INPUT DATA –
————————

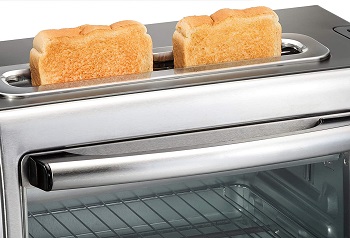 Hamilton Beach Toaster Oven, 31156 Review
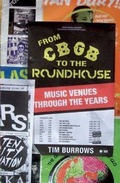 Cover: From CBGB to the Roundhouse - Marion Boyars Publishers Ltd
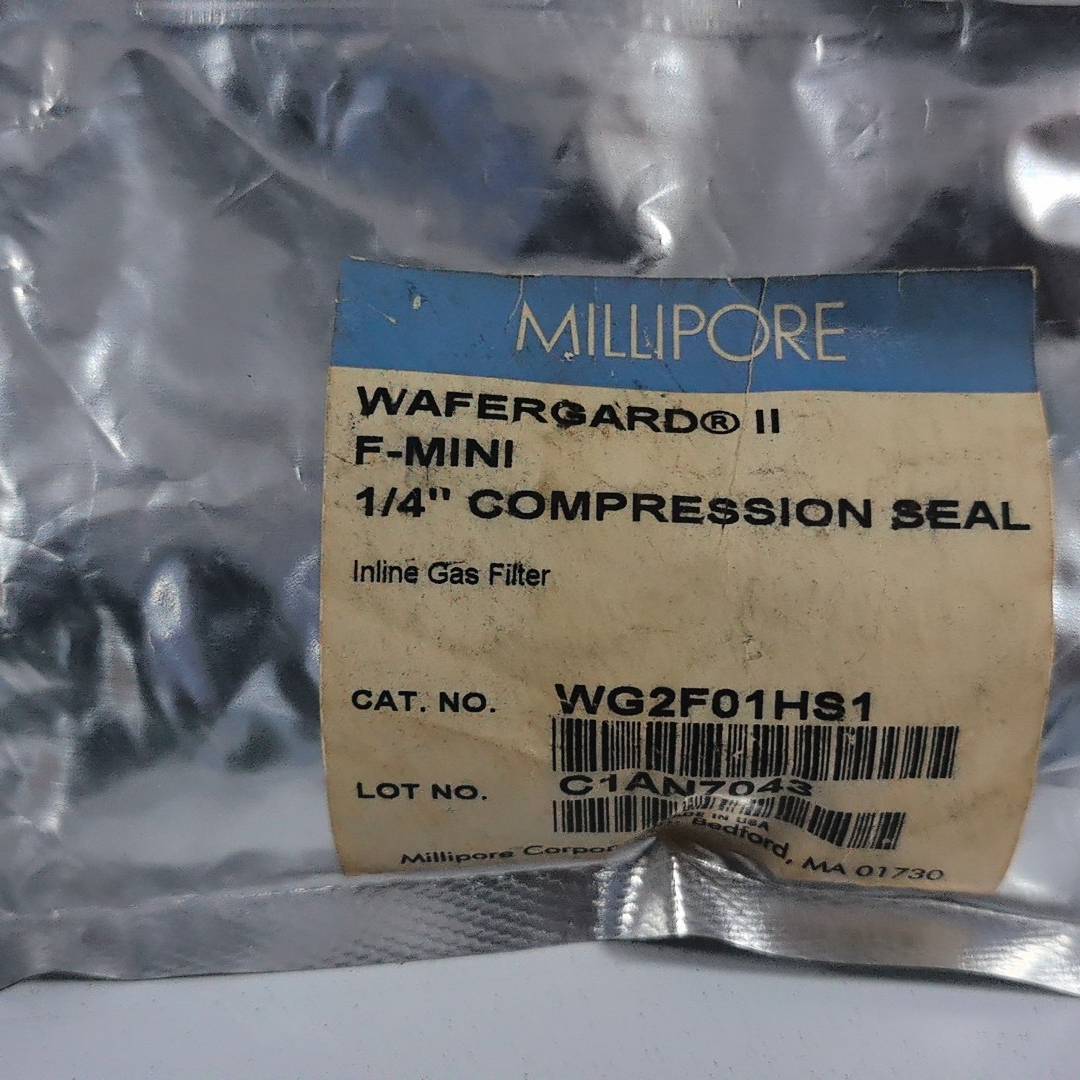 议价MILLIPORE，WG2F01HS1，全新过滤器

————————

WHAT IS NEEDED –
The task requires the full listing to be given again verbatim, without its pictures.

ANSWER TO THIS PROBLEM –
 Hamilton Beach Toaster Oven, 31156 Review
 Cover: From CBGB to the Roundhouse - Marion Boyars Publishers Ltd
 议价MILLIPORE，WG2F01HS1，全新过滤器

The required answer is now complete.